The deep cuts in defense spending envisioned in the just-announced debt ceiling deal raise a fundamental question for Americans: Will we let a deal stand that promises to end American security as we know it? Or will we demand that the deal, born of crisis-driven politics in Washington, be abandoned because of what’s at stake?

The deal promises to raise the debt ceiling by the highest amount ever—more than $2 trillion—while reducing spending by close to $1 trillion over the next decade. It envisions 6 percent and 7.5 percent cuts in defense spending from the President’s budget request in February for fiscal years 2012 and 2013, respectively. It sets a non-binding goal of $1.5 trillion worth of deficit reduction for the congressional Joint Select Committee on Deficit Reduction, which the legislation creates.

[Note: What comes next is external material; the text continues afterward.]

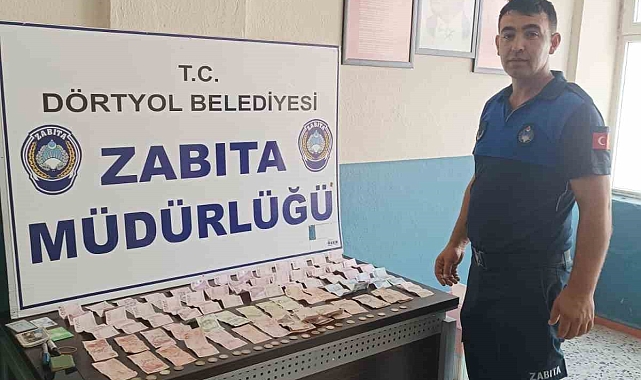 Zabıta ekipleri tarafından yakalanan dilencinin üzerinden 5 bin TL para çıktı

If Congress does not enact a sufficient deficit-reduction plan by this December, the deal calls for an automatic sequestration that would authorize making half of the cuts just in security spending, with the bulk coming out of the Department of Defense. Thus a single federal agency—one that is actually doing a good job and serving a constitutionally mandated role—will have to bear nearly the same amount of cuts as all the remaining domestic agencies combined, including Health and Human Services, Housing and Urban Development, Education, Interior, Energy, Justice, and Labor.

As if that were not enough, there are no automatic cuts in entitlement benefits. We will have to sacrifice the future security of all Americans without actually getting at the cause of the debt crisis—namely, runaway spending on Social Security and the other big social entitlements.

In the end, it is hard to see how this deal is sustainable. The Joint Select Committee theoretically is supposed to consider entitlement reductions, but sequestration applies only to discretionary spending. Knowing full well that the Republicans will not support tax increases and the Democrats will balk at entitlement cuts, the sequestration “trigger” is rigged to ensure that the sword will fall on the defense budget. If after careful review Congress concludes that such draconian defense or other cuts are not acceptable, the only choice at that point is to change the nature of the process and abandon the main elements of the deal. If that happens, then this entire deal will have been little more than a ruse to raise the debt ceiling without deep reductions.

This deal aside, Congress’s mission in the year ahead will be figuring out how to sustain robust defense spending so we can modernize the armed forces, meet the global commitment required to keep America safe, and reduce the strain on an overworked force.